Data extracts »
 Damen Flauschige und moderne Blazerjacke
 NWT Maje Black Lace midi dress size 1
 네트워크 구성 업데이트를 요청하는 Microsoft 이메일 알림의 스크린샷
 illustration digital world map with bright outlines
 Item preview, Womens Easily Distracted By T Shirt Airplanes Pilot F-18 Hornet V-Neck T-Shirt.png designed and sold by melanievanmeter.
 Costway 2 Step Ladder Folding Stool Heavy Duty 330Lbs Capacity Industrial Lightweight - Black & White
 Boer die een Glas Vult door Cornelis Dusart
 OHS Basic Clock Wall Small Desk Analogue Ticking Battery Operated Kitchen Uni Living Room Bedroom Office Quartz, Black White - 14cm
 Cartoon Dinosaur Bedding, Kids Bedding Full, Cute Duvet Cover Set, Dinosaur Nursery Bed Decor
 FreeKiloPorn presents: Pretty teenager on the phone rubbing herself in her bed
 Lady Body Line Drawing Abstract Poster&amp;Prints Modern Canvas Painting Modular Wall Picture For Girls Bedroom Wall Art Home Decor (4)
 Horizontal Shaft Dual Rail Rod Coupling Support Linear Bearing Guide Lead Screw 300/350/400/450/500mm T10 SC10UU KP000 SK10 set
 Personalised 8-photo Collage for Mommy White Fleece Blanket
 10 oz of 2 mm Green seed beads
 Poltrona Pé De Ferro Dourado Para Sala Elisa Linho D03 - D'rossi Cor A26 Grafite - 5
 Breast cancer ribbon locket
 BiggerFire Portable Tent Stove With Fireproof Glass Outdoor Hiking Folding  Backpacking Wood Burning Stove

Action item » The required output is the exact run of lines from the beginning of the listing above to the line that contains "Costway 2 Step", inclusive of both.

Solution below »
 Damen Flauschige und moderne Blazerjacke
 NWT Maje Black Lace midi dress size 1
 네트워크 구성 업데이트를 요청하는 Microsoft 이메일 알림의 스크린샷
 illustration digital world map with bright outlines
 Item preview, Womens Easily Distracted By T Shirt Airplanes Pilot F-18 Hornet V-Neck T-Shirt.png designed and sold by melanievanmeter.
 Costway 2 Step Ladder Folding Stool Heavy Duty 330Lbs Capacity Industrial Lightweight - Black & White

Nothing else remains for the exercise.